■ EXERCISE GOAL ■
Copy out the data in full, keeping each line exactly as it reads.

Source data
━━━━━━━━
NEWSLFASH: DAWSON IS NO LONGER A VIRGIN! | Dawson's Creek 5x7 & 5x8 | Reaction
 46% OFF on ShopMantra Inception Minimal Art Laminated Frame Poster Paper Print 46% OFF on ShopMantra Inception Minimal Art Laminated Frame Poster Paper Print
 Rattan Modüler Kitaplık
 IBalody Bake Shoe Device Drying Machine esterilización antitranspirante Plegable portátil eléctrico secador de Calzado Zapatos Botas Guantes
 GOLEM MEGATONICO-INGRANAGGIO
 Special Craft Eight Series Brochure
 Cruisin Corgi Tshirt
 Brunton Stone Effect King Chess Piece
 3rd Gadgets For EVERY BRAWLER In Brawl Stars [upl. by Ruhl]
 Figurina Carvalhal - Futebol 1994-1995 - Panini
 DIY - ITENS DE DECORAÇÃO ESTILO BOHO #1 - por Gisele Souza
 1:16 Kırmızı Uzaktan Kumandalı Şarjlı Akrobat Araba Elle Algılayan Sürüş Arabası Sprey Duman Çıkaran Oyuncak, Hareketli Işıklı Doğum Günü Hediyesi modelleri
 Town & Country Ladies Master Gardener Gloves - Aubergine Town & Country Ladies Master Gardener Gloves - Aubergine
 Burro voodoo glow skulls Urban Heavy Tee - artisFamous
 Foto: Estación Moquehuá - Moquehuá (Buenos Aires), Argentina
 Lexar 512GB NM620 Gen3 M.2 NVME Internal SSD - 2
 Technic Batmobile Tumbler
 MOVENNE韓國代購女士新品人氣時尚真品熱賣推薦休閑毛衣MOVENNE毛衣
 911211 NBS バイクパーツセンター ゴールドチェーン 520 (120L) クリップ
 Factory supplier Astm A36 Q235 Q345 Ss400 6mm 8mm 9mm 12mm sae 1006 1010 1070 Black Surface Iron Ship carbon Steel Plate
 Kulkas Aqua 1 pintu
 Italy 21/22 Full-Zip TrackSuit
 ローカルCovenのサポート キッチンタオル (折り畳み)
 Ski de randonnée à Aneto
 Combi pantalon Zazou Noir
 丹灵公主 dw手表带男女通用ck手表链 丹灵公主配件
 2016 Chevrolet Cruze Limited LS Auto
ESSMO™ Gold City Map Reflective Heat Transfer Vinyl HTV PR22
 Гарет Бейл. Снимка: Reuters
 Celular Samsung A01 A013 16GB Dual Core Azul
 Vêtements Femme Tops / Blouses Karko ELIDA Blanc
━━━━━━━━
■ OUTPUT OF THE TASK ■
NEWSLFASH: DAWSON IS NO LONGER A VIRGIN! | Dawson's Creek 5x7 & 5x8 | Reaction
 46% OFF on ShopMantra Inception Minimal Art Laminated Frame Poster Paper Print 46% OFF on ShopMantra Inception Minimal Art Laminated Frame Poster Paper Print
 Rattan Modüler Kitaplık
 IBalody Bake Shoe Device Drying Machine esterilización antitranspirante Plegable portátil eléctrico secador de Calzado Zapatos Botas Guantes
 GOLEM MEGATONICO-INGRANAGGIO
 Special Craft Eight Series Brochure
 Cruisin Corgi Tshirt
 Brunton Stone Effect King Chess Piece
 3rd Gadgets For EVERY BRAWLER In Brawl Stars [upl. by Ruhl]
 Figurina Carvalhal - Futebol 1994-1995 - Panini
 DIY - ITENS DE DECORAÇÃO ESTILO BOHO #1 - por Gisele Souza
 1:16 Kırmızı Uzaktan Kumandalı Şarjlı Akrobat Araba Elle Algılayan Sürüş Arabası Sprey Duman Çıkaran Oyuncak, Hareketli Işıklı Doğum Günü Hediyesi modelleri
 Town & Country Ladies Master Gardener Gloves - Aubergine Town & Country Ladies Master Gardener Gloves - Aubergine
 Burro voodoo glow skulls Urban Heavy Tee - artisFamous
 Foto: Estación Moquehuá - Moquehuá (Buenos Aires), Argentina
 Lexar 512GB NM620 Gen3 M.2 NVME Internal SSD - 2
 Technic Batmobile Tumbler
 MOVENNE韓國代購女士新品人氣時尚真品熱賣推薦休閑毛衣MOVENNE毛衣
 911211 NBS バイクパーツセンター ゴールドチェーン 520 (120L) クリップ
 Factory supplier Astm A36 Q235 Q345 Ss400 6mm 8mm 9mm 12mm sae 1006 1010 1070 Black Surface Iron Ship carbon Steel Plate
 Kulkas Aqua 1 pintu
 Italy 21/22 Full-Zip TrackSuit
 ローカルCovenのサポート キッチンタオル (折り畳み)
 Ski de randonnée à Aneto
 Combi pantalon Zazou Noir
 丹灵公主 dw手表带男女通用ck手表链 丹灵公主配件
 2016 Chevrolet Cruze Limited LS Auto
ESSMO™ Gold City Map Reflective Heat Transfer Vinyl HTV PR22
 Гарет Бейл. Снимка: Reuters
 Celular Samsung A01 A013 16GB Dual Core Azul
 Vêtements Femme Tops / Blouses Karko ELIDA Blanc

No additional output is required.